__Task description__. An exact copy is the goal: every line from the one containing "35' Pearson cockpit aft" to the end of the material below, pictures excluded.

__Data excerpt__.
|---|
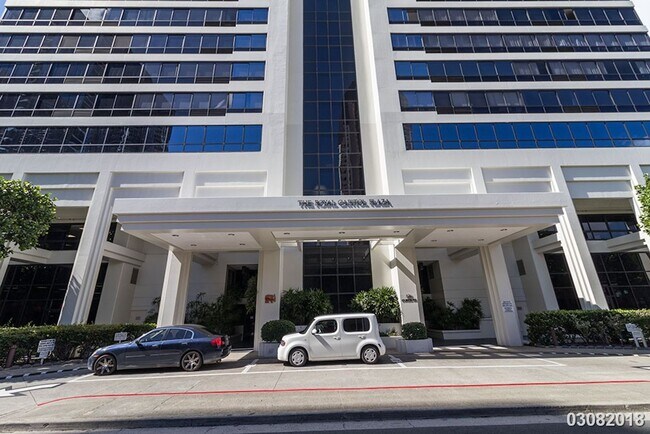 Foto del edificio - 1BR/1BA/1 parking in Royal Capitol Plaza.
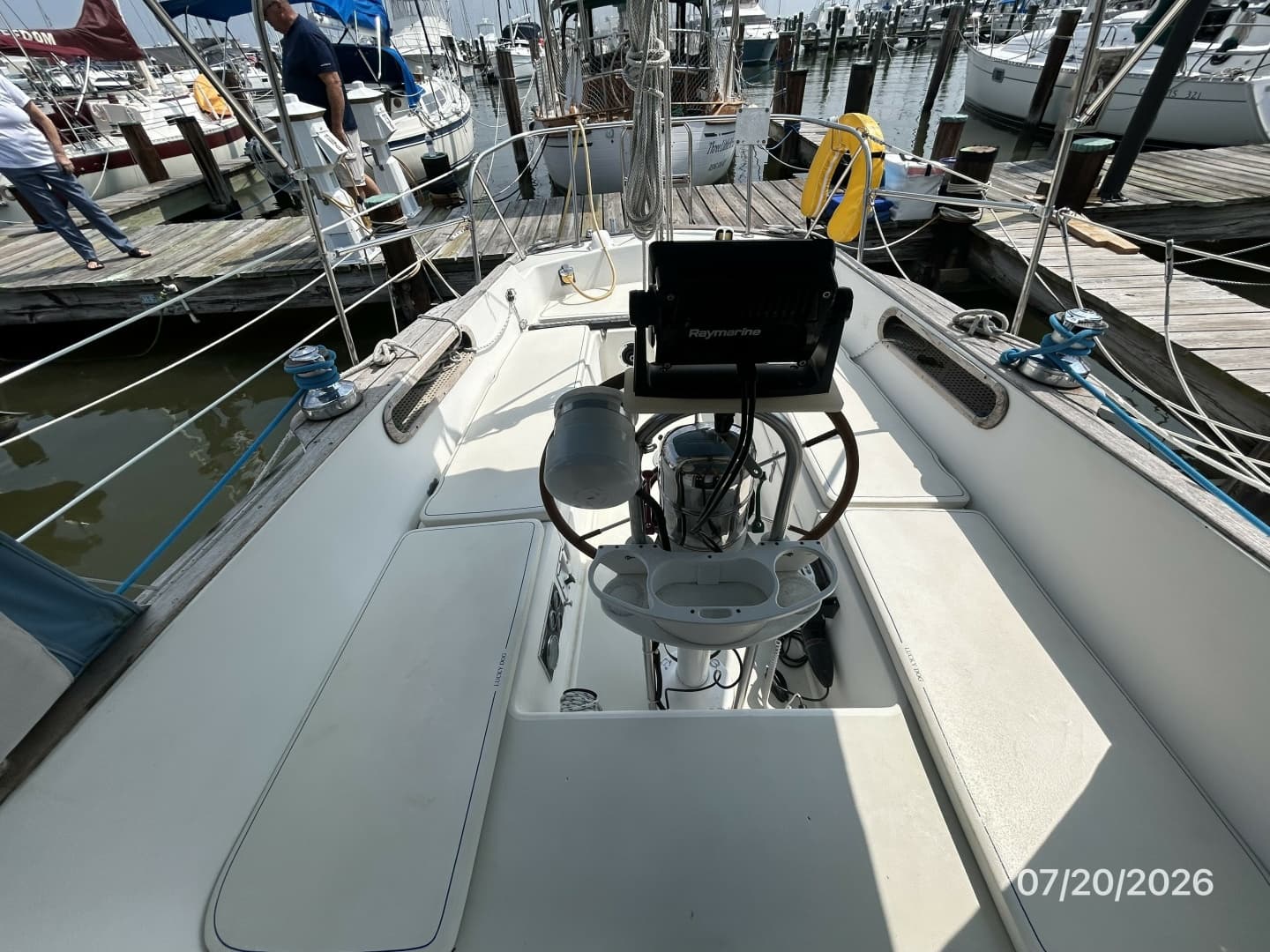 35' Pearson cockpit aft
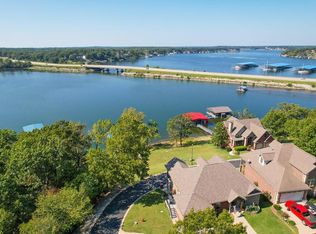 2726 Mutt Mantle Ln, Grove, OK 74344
|---|
__Exercise result__.
 35' Pearson cockpit aft
 2726 Mutt Mantle Ln, Grove, OK 74344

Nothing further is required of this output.